Imagino que todos essa semana tenham ouvido da conta de Lula no exterior, denúncia publicada pela Veja.
O que interessa para esse post é o quadradinho publicado... o que afirmava que a revista realizou vários exames do material e não conseguiu estabelecer a veracidade ou falsidade do mesmo.
Interessante tal afirmação, visto que classicamente falso/verdadeiro são um sistema de lógica bivalente - ou seja, na qual uma qualidade exclui a outra. Ou é verdadeiro ou não é... e não ser verdadeiro é ser falso. Esta percepção das características de falso/verdadeiro implica na lógica da prova - se não há provas suficientes da veracidade de um documento contestado, ele é falso.
Ora, a Veja estabeleceu uma situação diversa - o documento possui simultaneamente uma falsidade dúbia e uma veracidade dúbia - ou seja, é como se fosse falso e verdadeiro ao mesmo tempo - o que negaria a proposição da bivalência dessa característica.
O que temos, então, é um aproximar de uma lógica difusa - ou fuzzy logic, para a nossa amiga Marina - na qual as qualidades não são necessariamente auto excludentes, mas estão em um sistema de gradações entre um extremo e outro.

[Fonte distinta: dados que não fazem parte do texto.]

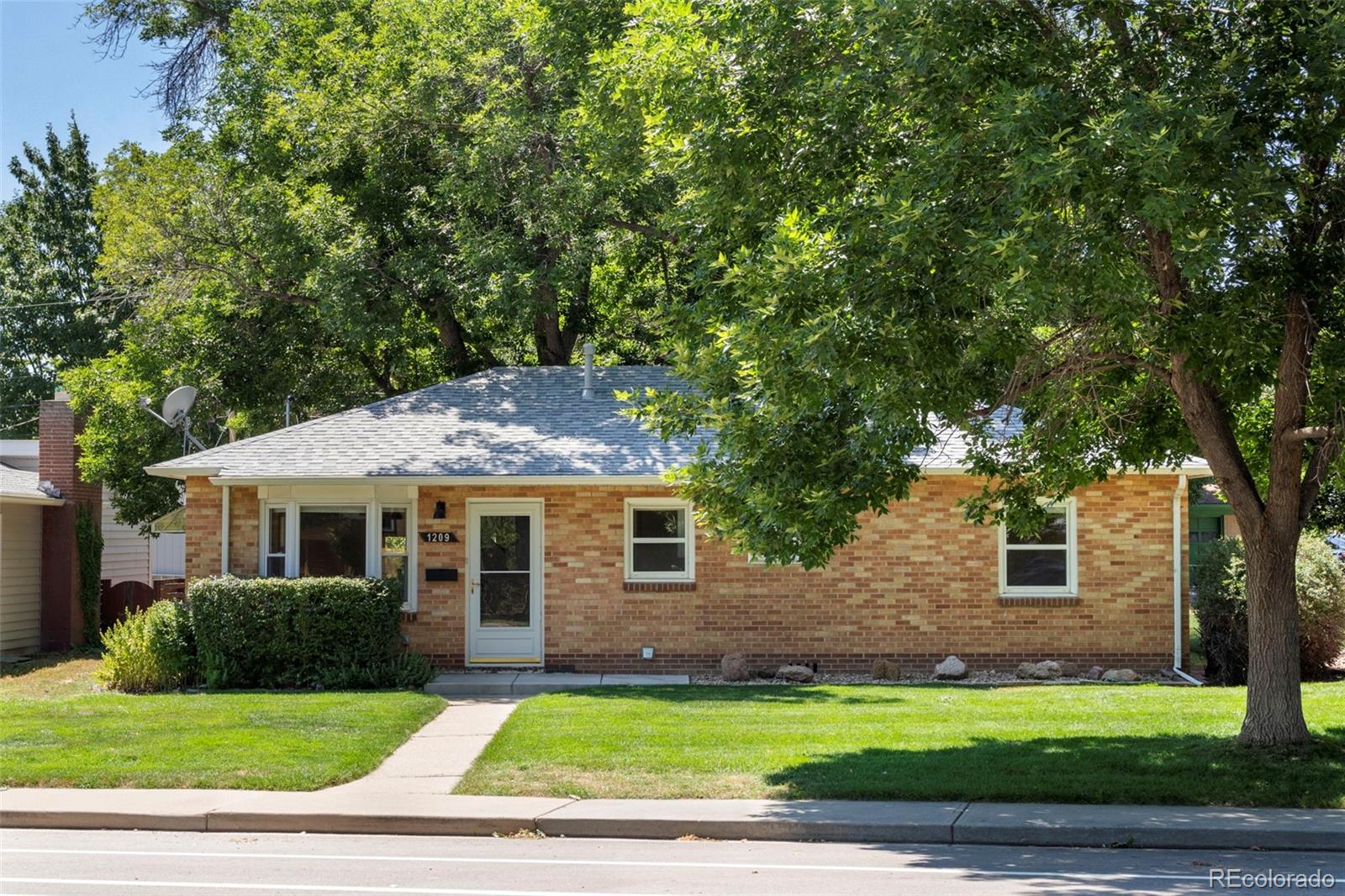 1209  Gay Street, longmont  House Search MLS Picture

Por exemplo - as qualidades de quente e frio possuiriam um gradiente de possibilidades entre um e outro - quente, menos quente, menos quente um tanto, o menos quente possível antes de ser frio, frio; que seriam equivalentes a quente, o menos frio possível antes de ser quente, menos frio um tanto, menos frio, frio.
Assim, quando a Veja estabeleceu uma gradação entre verdadeiro e falso - um documento possuiria graus de verdade e de falsidade - ela se firmou como uma boa revista pós-moderna, desafiando a lógica euclidiana, o pensar do terceiro excluído, da bivalência, demonstrando um mundo de gradações, de tons de cinza.
Mas qual é a diferença entre o que você deveria saber e o que é propaganda? Qual a diferença entre jornalismo e publicidade? Qual a diferença entre o real e o imaginado?
É impossível experienciar tudo. Dependemos de intermediários, de testemunhas para obter esse conhecimento. Não sei o que é a guerra. Não sei o que se passa numa votação. Não sei, simplesmente.
E nós confiamos nessas testemunhas, nesses intermediários, nesses jornalistas.
E isso significa poder, o poder de torcer a realidade de acordo com os seus anseios. Pode ser o que for. Pode ser o lançamento de uma novela, o acompanhamento de um show, o que for. Pode ser uma candidatura a cargo eletivo. Pode ser intencional, podem ser "patos" como nós.
O que entendemos como real é o que apreendemos com os sentidos. Não sentimos tudo. Usamos testemunhas. O que é real para nós é esse testemunho. E os jornais, as revistas, as agências de propaganda, os marketeiros virais, os políticos, as agências de relação pública, todos sabem disso. E mudam o real. Até alcançar o imaginado.
Assim, chegamos as nossas conclusões: Mas qual é a diferença entre o que você deveria saber e o que é propaganda? Nenhuma.
Qual a diferença entre jornalismo e publicidade? Nenhuma.
Qual a diferença entre o real e o imaginado? Nenhuma.
Em uma sociedade de experiências intermediadas, não há real. Não há verdade. Não há mundo fora de nossa subjetividade inchada, inútil, trancada para nós, aberta para todos.